More recently, I’ve been flying across the Pacific, and with the exceptions of takeoff and landing, the flight crew requests that everyone keep their window shades down at all times so people can sleep more easily.

Why the difference? Is it about the length of the flight (my Pacific flights are much longer than my Atlantic flights were), or is this some kind of courtesy thing that developed sometime between the '70s and now? Is it just a Delta Airlines thing?

It does let passengers take naps more easily, and it keeps the movie screens from being washed out with too much light. Besides, there’s nothing much to see down there but ocean, and maybe just a cloud layer.
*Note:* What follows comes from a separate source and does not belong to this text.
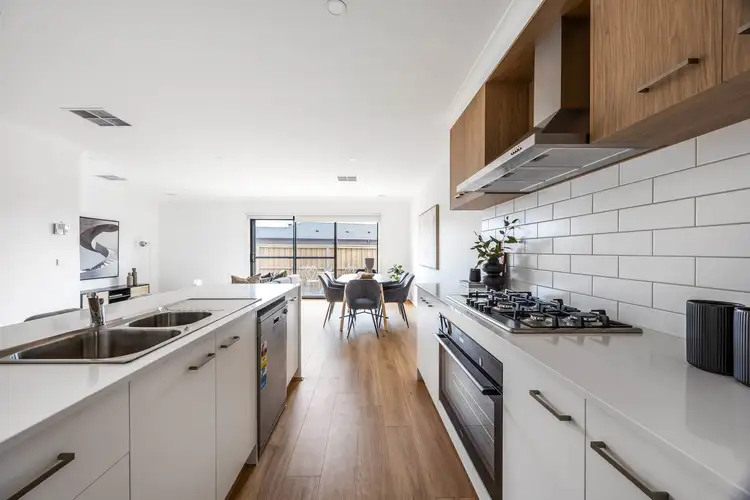 Third view of Homely house listing, 14 Coghill Loop, Rockbank VIC 3335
Yep, I understand the advantages. But what changed between my Atlantic flights in the '70s and my Pacific flights these days?

Maybe: The movie screens are smaller and much closer to the windows now, typically in the seatbacks, and are LCD-based. In the 70’s, they were the projection type with the screens in the middle of the cabin.

As to the OP’s Q, ElvisL1ves nailed it. It’s so you can see outside to know where the fire is or isn’t during an evacuation. Also, in an evacuation 100% of the interior lighting will fail. It’s a hell of a lot easier to see to get out when sunshine is streaming in 100 windows than when everything is dead dark. The “emergency lights that will lead you to an exit” provide markings, not illumination. Substantially all the rest of the lights go off when we kill the engines if they haven’t already shut off as the airplane takes damage.

As I wrote by coincidence a couple days ago, nowadays fewer and fewer carriers are requesting/demanding that passengers raise shades for takeoff & landing. Why is that?

What’s changed is people’s expectations of how we spend our time.

Even on domestic in the daytime most people with window seats keep their shades down. So they can see their vid screens.

Ultimately the airlines and FAs are just reacting to what most of the public wants most of the time. And what they want is to be mesmerized by their vid toys.

Are Airplane shades getting better? I have done some 12-15 hour flights and despite being in daylight throughout, the inside was pitchblack. The 80’s and early 90’s planes did not have that. Or so I seem to remember.

Most planes these days seem to have plastic sliding shutters that fit inside the window frame to make a lightproof seal. On old planes I remember there just being ordinary curtains.

From this thread, posted by LSLguy, who is a pilot:

The cabin crew used to call for shades to be up for takeoff and landing so you and they had some hope of seeing where the fire is outside if there was an event needing an evacuation. That was stopped a couple years ago when compliance collapsed to zero and TPTB decided it was just too hard.

So yes, Karl Marx was right–We can win the class struggle!!
Flyers of the world unite!
The powers that be will actually submit to our dictates.
Today, the window shades…tomorrow, let’s demand that they put the olive back in our salad!

It’s a large metal tube with wings, but that’s not important right now.

Plausible, but I’ve never heard the request from the crew (to lower window shades after takeoff) on domestic flights. :confused:

I have, on coast-to-coast red eyes.

On long haul overseas flights they do the same. 15hrs, several hundred people, damn straight they want people to sleep!

Back in 1963, *Twilight Zone *aired an episode called *Nightmare at 20,000 Feet. *

That’s why I learned to do aileron rolls.

(that’s why I close the shades too)

Bawahahahaha, that is one of my favorite TZ shows. :eek:

The Boeing 787, launched a few years ago, has a major innovation: “electrified gel,” rather than a physical shade.

I was just about the mention that. And one of it’s great advantages is that you can undim it just a little, so you can watch the mountains and clouds below without shining bright lights in your neighbors’ eyes.

Another advantage is that they can dim all of them centrally, so the guy who fell asleep as soon as he got on the plane doesn’t have to be awakened to lower his shade so everyone else can sleep. (At least on the flight I was on, when they dimmed all the windows, they allowed individuals to undim their own window a bit. I didn’t try undimming it all the way, because, surprise!, the guy next to me was trying to sleep.